In de Ruimtelijke Economische Ontwikkelstrategie wordt ingezet op versterking van de stedelijke regio’s. Op 23 november is het eerste Uitvoeringsprogramma van de Ruimtelijk Economische Ontwikkelstrategie (REOS) aan de Kamer op aangeboden. Dit uitvoeringsprogramma is de uitwerking van de bestuurlijke intentieverklaring REOS van juni 2016. Het uitvoeringsprogramma is gericht op de versterking van de concurrentiekracht van Nederland. Binnen het MIRT wordt reeds zorggedragen voor een goede afstemming tussen verstedelijking en infrastructuur.

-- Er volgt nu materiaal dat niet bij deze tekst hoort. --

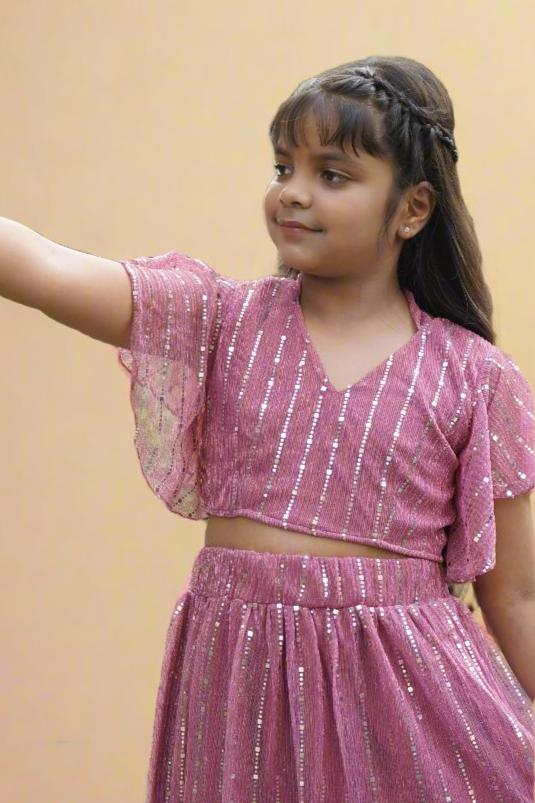 Girls Freesia Flow - Black & Gold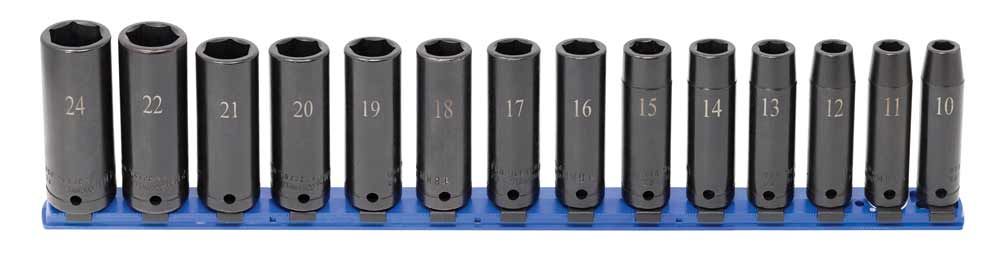 STIM3214LR - 14 Piece 1/2" Drive Metric Deep Impact Socket Set, 6-Point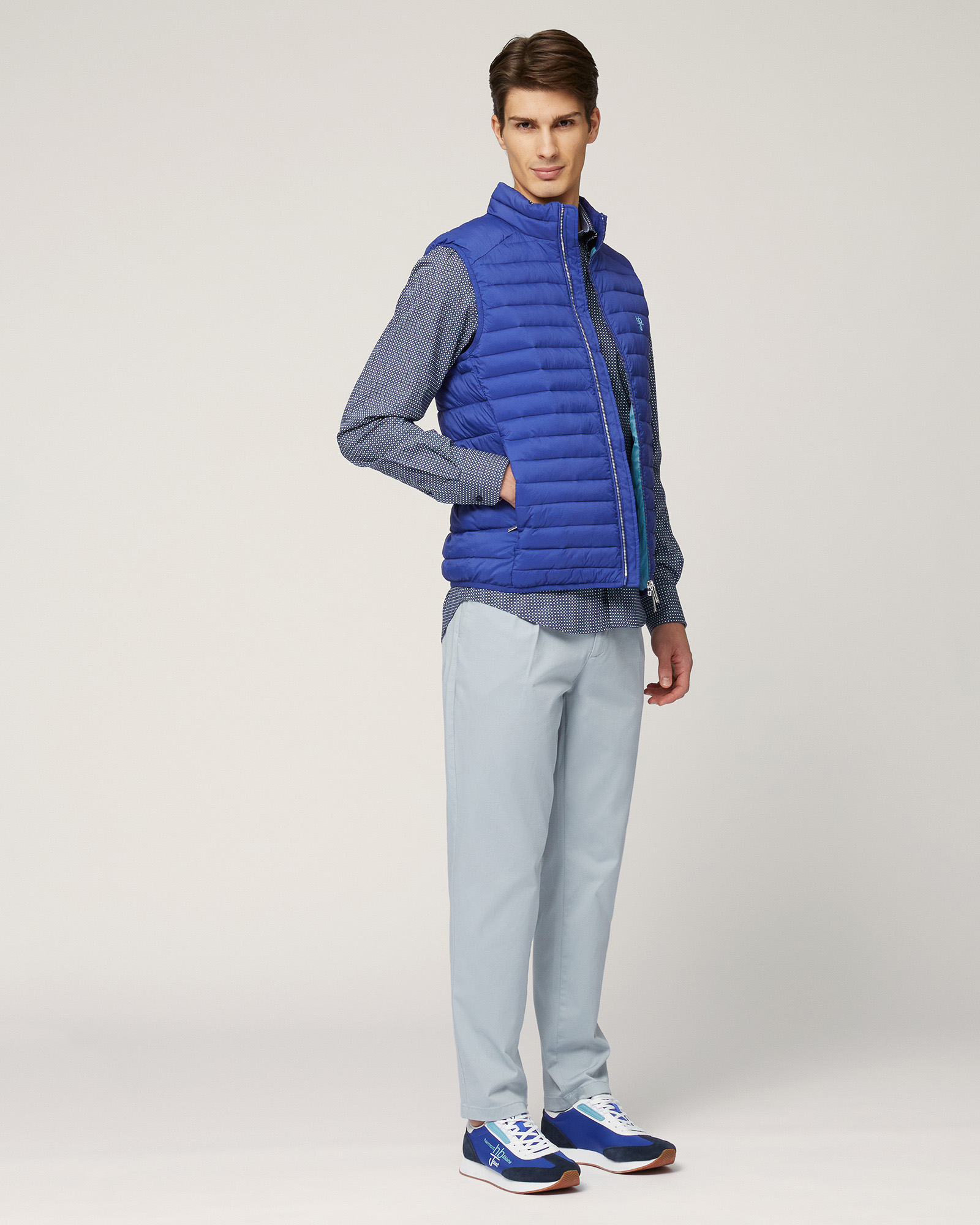 Quilted Nylon Vest, Electric Blue, large image number 3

Bij de ontwikkeling van de Nationale Omgevingsvisie wordt ingezet op de verdere integratie en afstemming van verschillende sectorale beleidsterreinen. Op 1 juli 2017 is een aanpassing van het Besluit ruimtelijke ordening, ten aanzien van de ladder voor duurzame verstedelijking, in werking getreden. Hiermee is de toepassing van de ladder eenvoudiger gemaakt.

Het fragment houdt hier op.